━━━━━ DATA LISTING
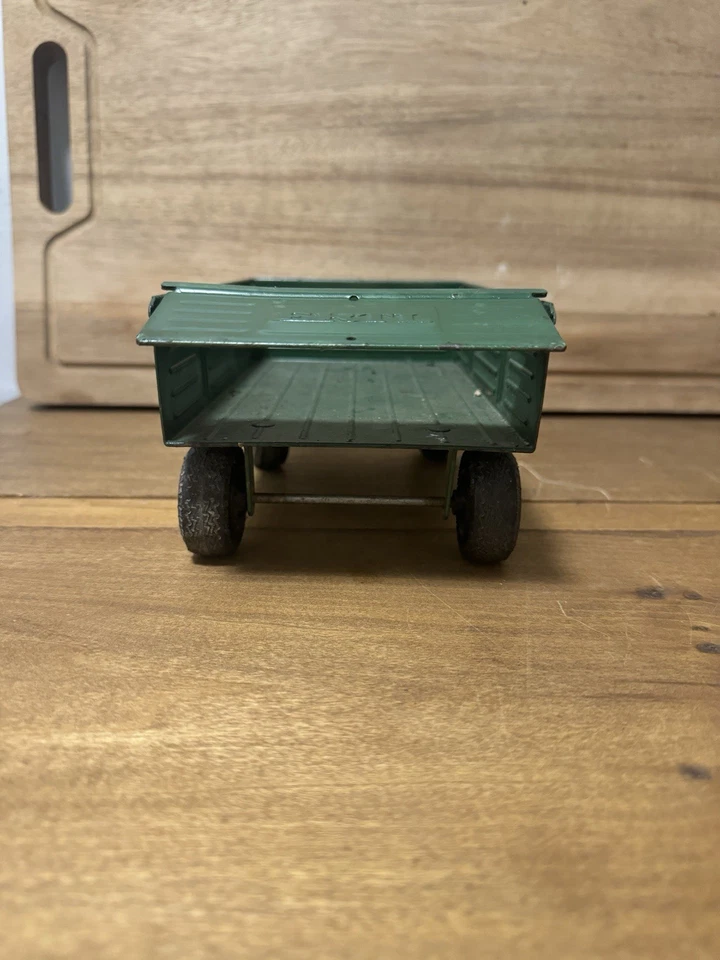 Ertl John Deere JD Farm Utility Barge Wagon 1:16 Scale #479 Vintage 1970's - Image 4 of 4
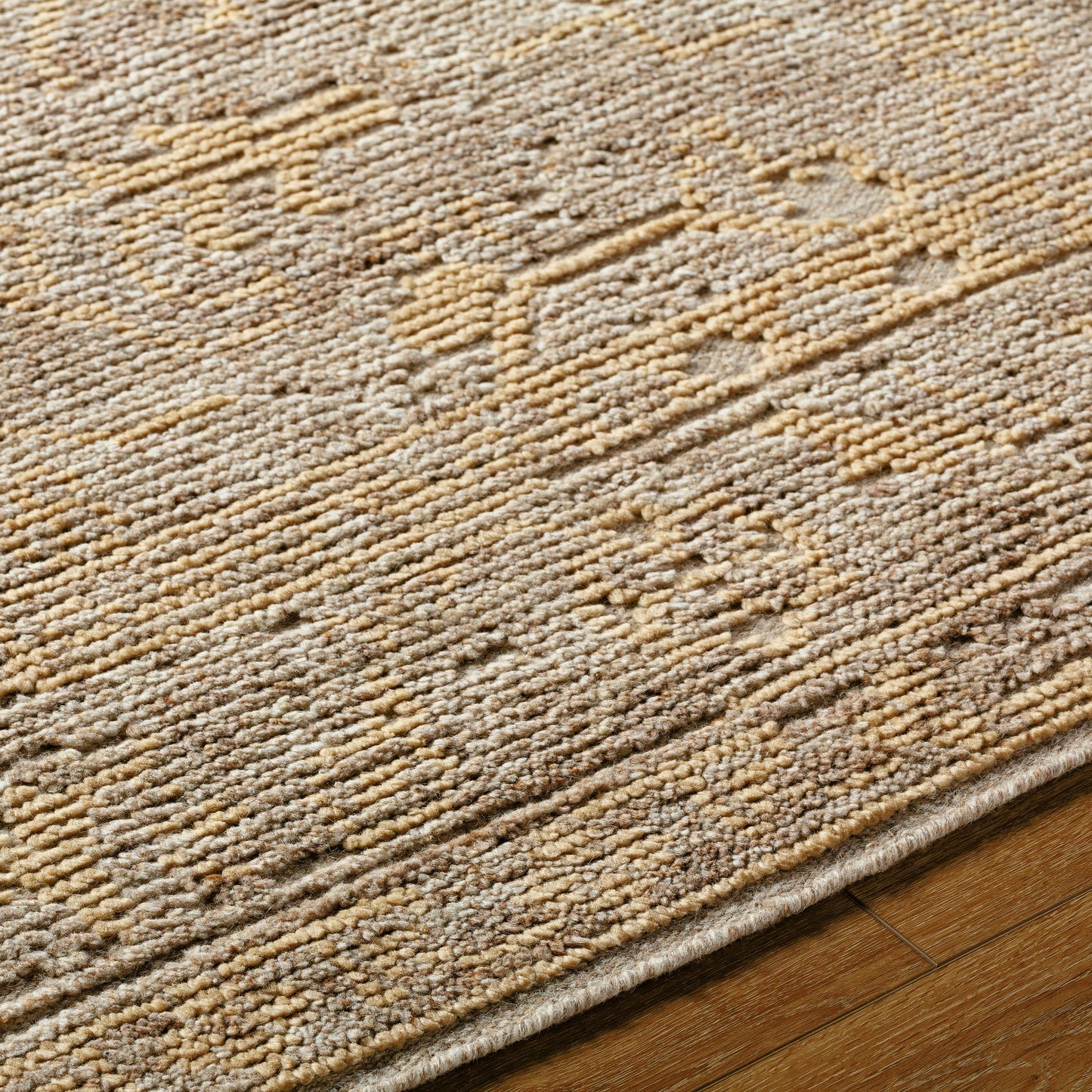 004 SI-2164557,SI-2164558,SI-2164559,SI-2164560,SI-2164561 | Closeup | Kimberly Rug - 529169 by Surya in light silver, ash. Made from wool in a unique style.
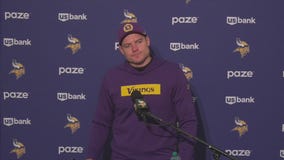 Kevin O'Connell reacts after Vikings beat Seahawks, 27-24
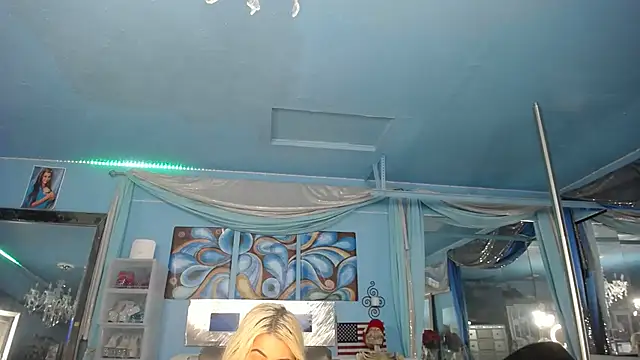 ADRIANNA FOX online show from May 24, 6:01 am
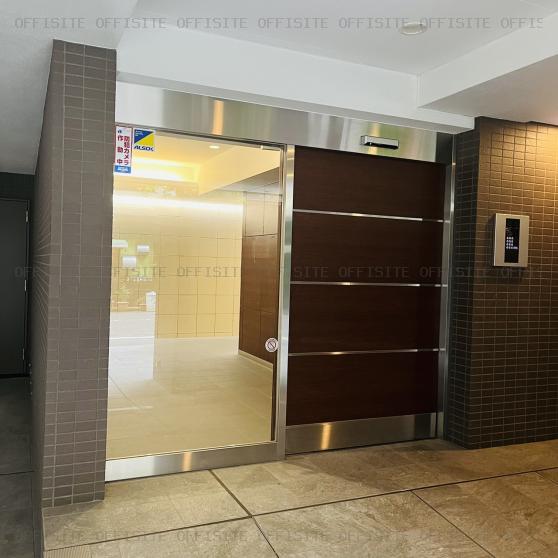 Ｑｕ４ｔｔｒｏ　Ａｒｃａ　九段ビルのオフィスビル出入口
━━━━━━━━━━
PROBLEM DESCRIPTION:
Return every record exactly, without the pictures.

SOLUTION TO THE PROBLEM:
 Ertl John Deere JD Farm Utility Barge Wagon 1:16 Scale #479 Vintage 1970's - Image 4 of 4
 004 SI-2164557,SI-2164558,SI-2164559,SI-2164560,SI-2164561 | Closeup | Kimberly Rug - 529169 by Surya in light silver, ash. Made from wool in a unique style.
 Kevin O'Connell reacts after Vikings beat Seahawks, 27-24
 ADRIANNA FOX online show from May 24, 6:01 am
 Ｑｕ４ｔｔｒｏ　Ａｒｃａ　九段ビルのオフィスビル出入口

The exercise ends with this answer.